Me?  I have to have things picked up, my bed nice, and my things organized, perfectly.  I do my laundry myself, because I dont like people touching my things, and I do it the minute it starts to get part way full.  I dont like any other things added in with my laundry, so my mom lets me just do mine alone, by itself.  My sister and I have separate laundry hampers.  Mom usually adds things in with small loads to make a large load, but that makes me really upset and uncomfortable.  I dont like germs or dirt from something or someone else’s things mixing in the wash with mine.

Perfectionism upsets me in the whole  house, but it bothers me so much in our room that if I try to sit at my desk and work, I cant concentrate till all my things on the desk are neat and in order, the way they should be.  My mom doesn’t really understand I don’t think, because we have had some fights about this before.  She really got upset one day because I was supposed to be working on school work and I was cleaning my closet.  She came in and asked why I was doing that when I had so much school stuff to do.  I told her I HAD to.  I couldn’t think, knowing the mess in my closet was waiting right behind me, and I needed to be able to think to work.  She doesn’t understand because when she sees my closet, she doesn’t see a mess.  She says there is hardly a thing in it to BE messy.  But I know what is not right about it and I have to just fix it.

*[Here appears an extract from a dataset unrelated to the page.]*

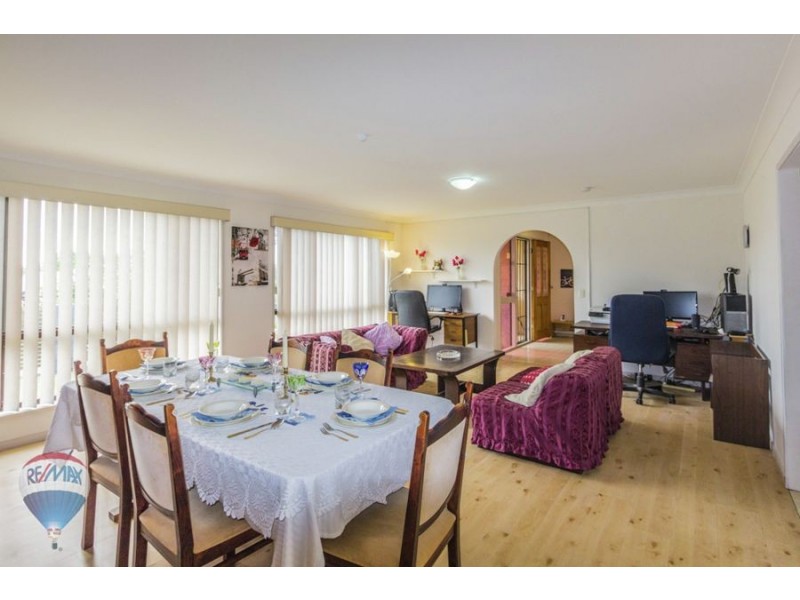 18 Dome Street, Eight Mile Plains QLD 4113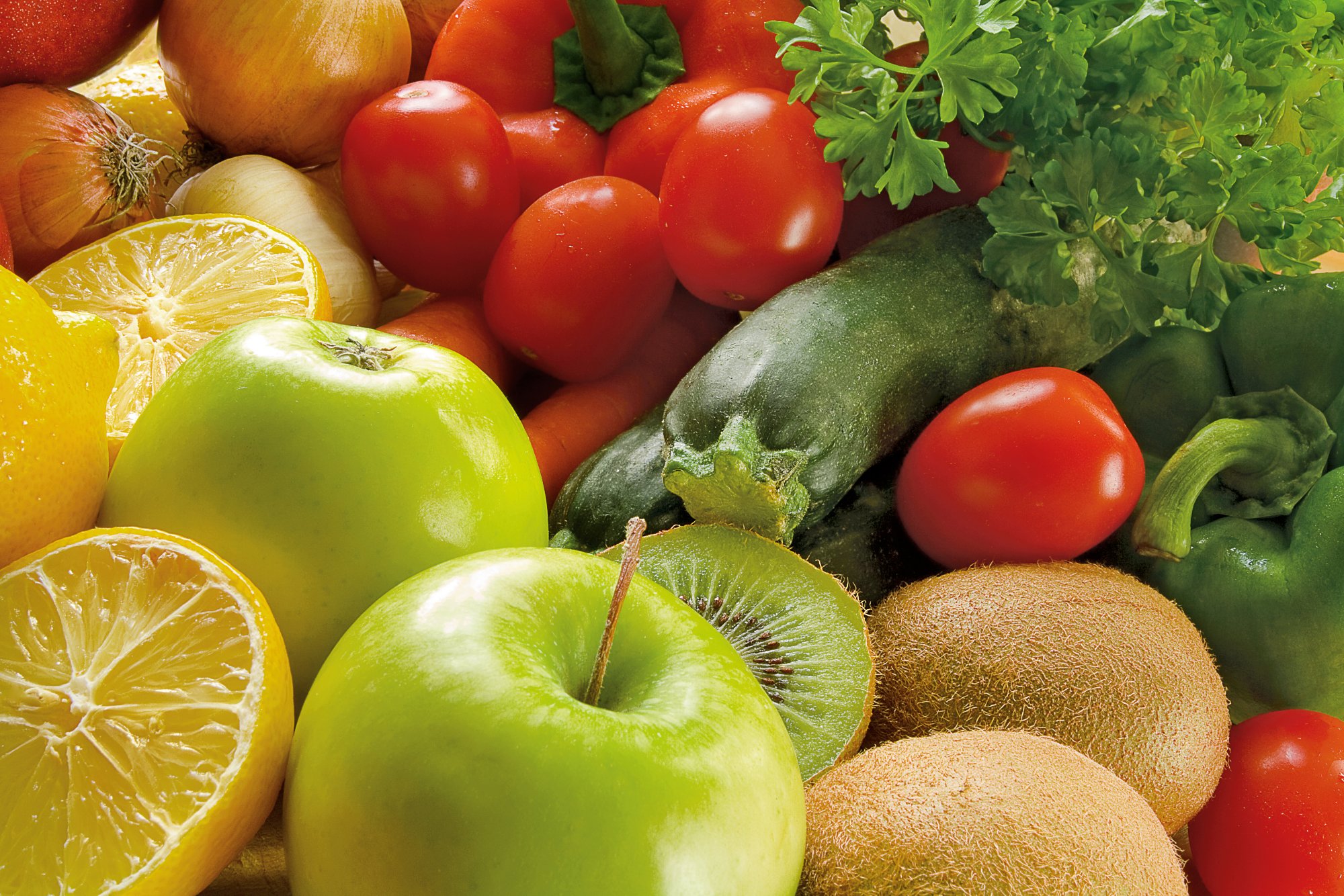 Verschiedene Obst- und Gemüsesorten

That is another thing that is hard for me, and for my mom too.  I would rather have almost no things at all, than  have things out of place.  I am constantly going through things I have and getting rid of things I don’t think I will need anymore.  I feel better if I just don’t have them to worry about.  My sister is so different.  She doesn’t get rid of anything.  She is real sentimental and she likes to keep all her stuff and says there are lots of memories attached to her stuff.  I don’t have memories attached to my stuff I guess.  The things I hang on to are just stuff I need mostly.  I cant handle having those few things out and accessible to people to touch and use.  They are mine and I wish people would just not mess with them.

I have a couple of these in different colors where I put all the things I need safe.

I have a couple of these in different colors where I put all the things I need safe.

I hide everything from people.  If my things are not safe, I dont feel safe.  If they are out and can be touched, messed with, or maybe taken, I feel like I am really open to be attacked or something.  It’s hard to put in words, but I just feel really panicked and I am upset.  I get panic attacks when things are not in order and they are where people can touch them.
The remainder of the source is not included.